Still, an even more complex approach has generated good news. That approach, offered in a small City of Hope clinical trial also targeting CCR5 in stem cells via lentiviral vector, was declared safe in 2010. Four patients with AIDS-related lymphoma were given stem cells genetically engineered in three ways to be resistant to HIV: by suppressing viral replication and function, and again, disabling CCR5 (if via a different method).4

While the approach was deemed safe, and the altered genes persevered, they did not do so in large numbers. Patients didn’t exhibit therapeutic levels several months out. More stem cells needed to be genetically altered, investigators said.
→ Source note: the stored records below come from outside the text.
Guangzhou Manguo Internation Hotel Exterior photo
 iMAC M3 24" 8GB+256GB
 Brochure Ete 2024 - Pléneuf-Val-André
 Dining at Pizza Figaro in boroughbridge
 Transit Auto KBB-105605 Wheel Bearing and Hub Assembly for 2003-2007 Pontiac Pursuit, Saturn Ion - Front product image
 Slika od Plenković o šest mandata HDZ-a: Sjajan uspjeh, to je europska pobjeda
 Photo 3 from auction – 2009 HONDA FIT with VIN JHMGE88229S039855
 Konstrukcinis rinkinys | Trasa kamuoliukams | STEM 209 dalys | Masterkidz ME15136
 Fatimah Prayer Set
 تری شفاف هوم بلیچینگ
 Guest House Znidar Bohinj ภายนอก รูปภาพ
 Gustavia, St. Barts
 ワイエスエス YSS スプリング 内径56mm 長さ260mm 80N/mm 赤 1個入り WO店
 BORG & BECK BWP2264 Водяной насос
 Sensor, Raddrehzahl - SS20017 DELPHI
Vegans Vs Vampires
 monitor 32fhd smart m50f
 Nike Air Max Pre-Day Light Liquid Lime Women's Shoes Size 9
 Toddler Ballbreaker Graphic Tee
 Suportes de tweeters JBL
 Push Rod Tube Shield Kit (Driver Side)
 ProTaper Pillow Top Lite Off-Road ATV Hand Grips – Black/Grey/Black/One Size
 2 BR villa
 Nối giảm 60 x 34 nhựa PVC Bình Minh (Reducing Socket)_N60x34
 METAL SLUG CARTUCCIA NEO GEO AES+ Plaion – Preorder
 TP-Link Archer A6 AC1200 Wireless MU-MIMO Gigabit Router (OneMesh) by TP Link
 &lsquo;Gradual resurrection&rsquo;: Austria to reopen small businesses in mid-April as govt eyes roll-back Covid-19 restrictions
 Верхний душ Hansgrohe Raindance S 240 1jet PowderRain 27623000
But Baltimore said by email that Calimmune has been watching all these clinical and preclinical trials. “We have learned a tremendous amount from the research conducted by our colleagues in this field, including City of Hope.”



1. Holt N, et al. “Zinc Finger Nuclease-Mediated CCR5 Knockout Hematopoietic Stem Cell Transplantation Controls HIV-1 In Vivo,” Nature Biotechnology, Vol. 28, Iss 8, August 2010: p839-847.

2. Shimizu, S., et al. “A highly efficient short hairpin RNA potently down-regulates CCR5 expression in systemic lymphoid organs in the hu-BLT mouse model,” Blood, Vol. 115, Iss 8, February 25, 2010: p1534-1544.

3. Liang, M., et al. “Inhibition of HIV-1 infection by a unique short hairpin RNA to chemokine receptor 5 delivered into macrophages through hematopoietic progenitor cell transduction,” Journal of Genetic Medicine, Vol 12, Iss 3, March 2010: p255-265.

4. DiGiusto, D.L. “RNA-based Gene Therapy for HIV Using Lentiviral Vector-Modified CD34+ Cells in Patients Undergoing Autologous Stem Cell Transplantation for AIDS-Related Lymphoma," Science Translational Medicine, Vol 2, Iss 36, June 16, 2010: p36ra43.